## Dataset content
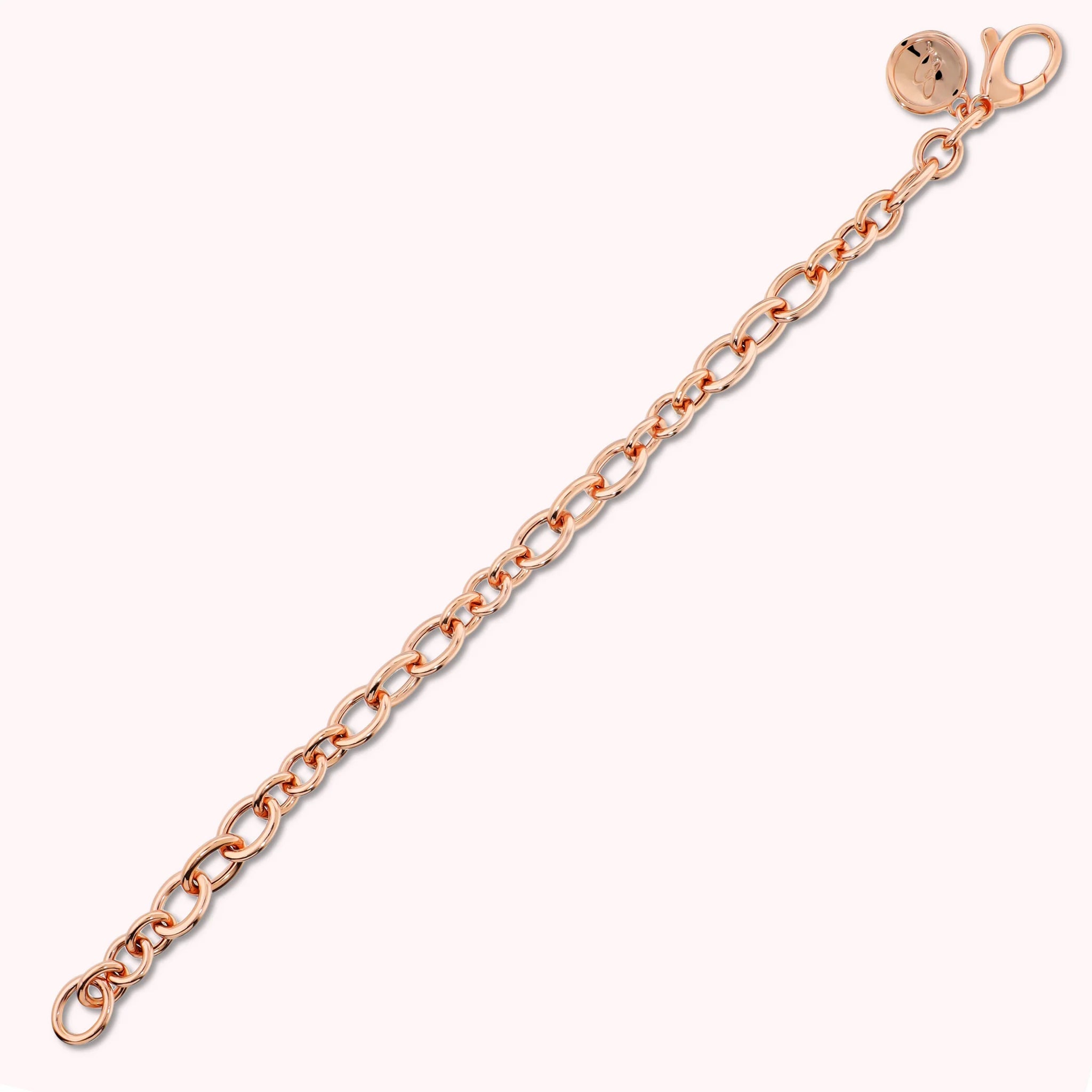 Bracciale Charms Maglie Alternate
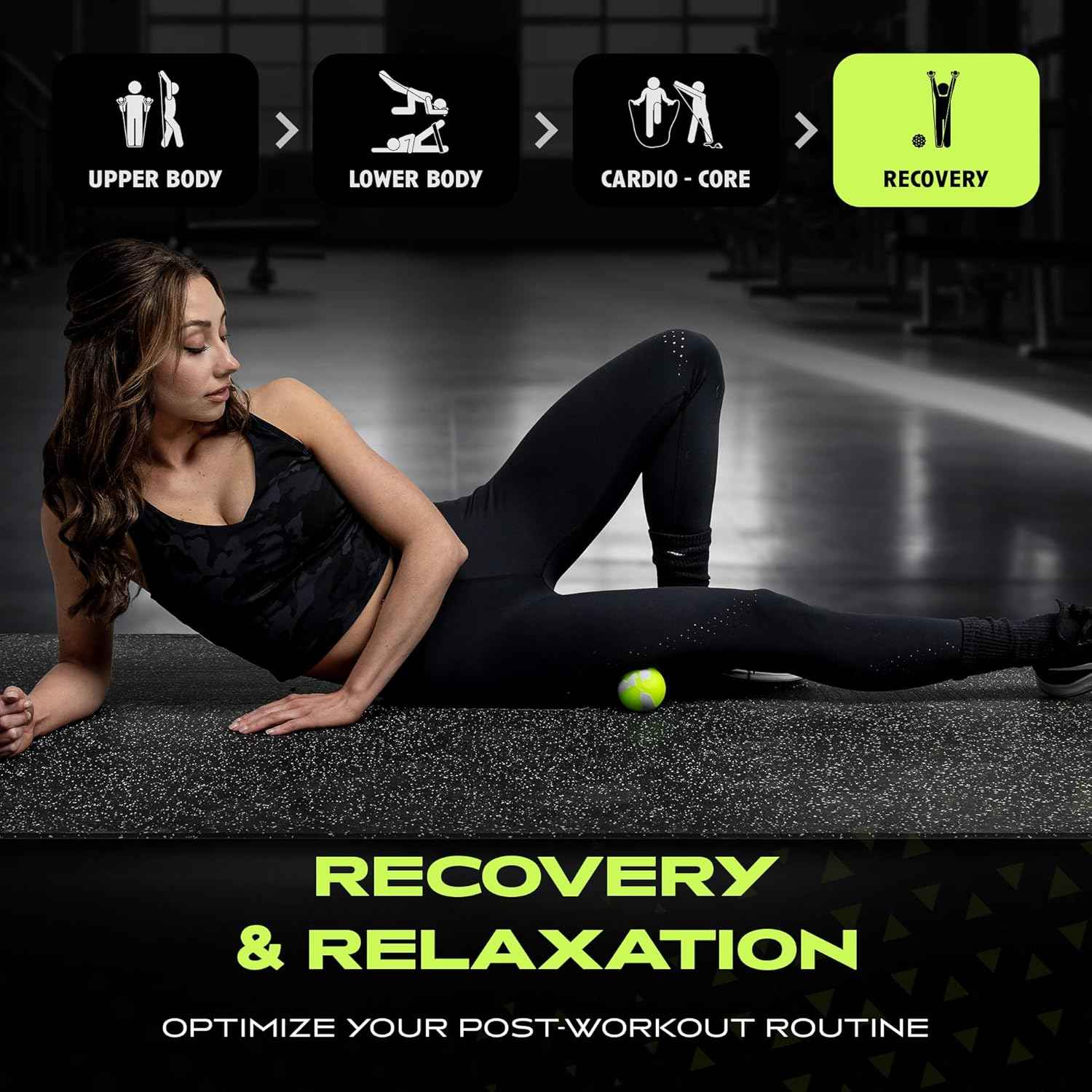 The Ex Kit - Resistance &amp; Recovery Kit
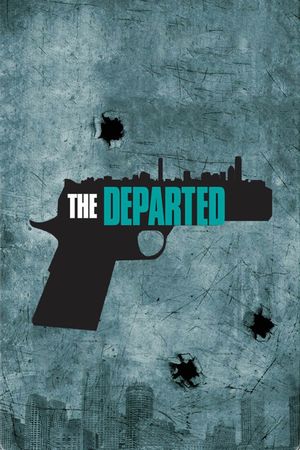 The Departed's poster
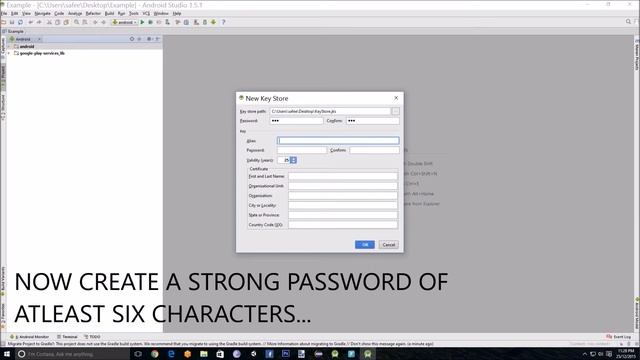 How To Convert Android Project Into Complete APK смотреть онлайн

## Work task
Word for word, restate every line of the listing, omitting the pictures.

## Answer to the exercise
 Bracciale Charms Maglie Alternate
 The Ex Kit - Resistance &amp; Recovery Kit
 The Departed's poster
 How To Convert Android Project Into Complete APK смотреть онлайн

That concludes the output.